Zehn Monate täglich „Sophie Scholl“ auf Instagram. Mit dem ambitionierten Projekt wollten SWR und BR Neugier wecken auf das Leben der Widerstandskämpferin der „Weißen Rose“. Aber @ichbinsophiescholl vermittelt nicht nur Historisches, sondern verzerrt auch Geschichte. Ein Aufschrei von Historiker:innen bleibt aus. Erst Jan Böhmermann macht zum Projektende die Kritik einer größeren Öffentlichkeit zugänglich. Wie kann das sein? Augenscheinlich fehlt es Historiker:innen an Wissen über Geschichtsvermittlung in Sozialen Medien. Und Journalist:innen kennen die jüngsten Erkenntnisse der Geschichtswissenschaft nicht. Oder wurden Plattform und Projektziel nicht ernst genommen? Das Projekt richtet sich vor allem an junge Frauen.

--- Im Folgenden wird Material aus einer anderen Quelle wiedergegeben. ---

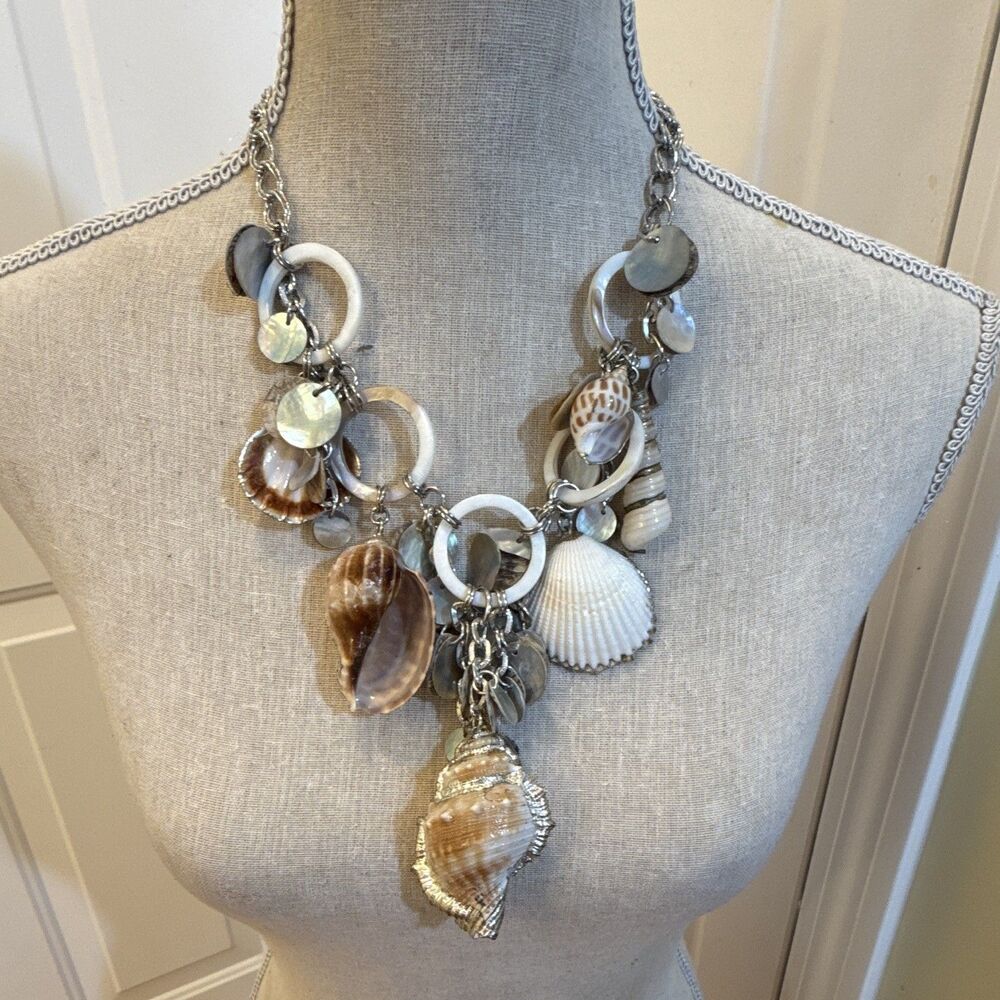 STATEMENT CHICO'S SILVER TONE SHELL CHARM STATEMENT NECKLACE CABLE CHAIN ADJ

Ob Überlebende der Shoah oder Indigene: Geschichte wird in den sozialen Netzwerken aktiv und auch persönlich erzählt. Auch Gruppen, deren Perspektiven innerhalb der Geschichtsschreibung bisher oft ausgelassen wurden, gestalten sie nun aktiv mit. Darüber hinaus wird auf TikTok und Co. auch aktuelle Geschichte geschrieben; etwa wenn Ukrainer:innen vom Krieg berichten oder Iraner:innen ihre Proteste dokumentieren. Doch die sozialen Netzwerke setzen auch Grenzen: Likes, Shares und der Algorithmus bestimmen die Themen mit. Der Beitrag diskutiert, wie sich die Darstellung und Rezeption von Geschichte durch die Sozialen Netzwerke verändert und verändern muss.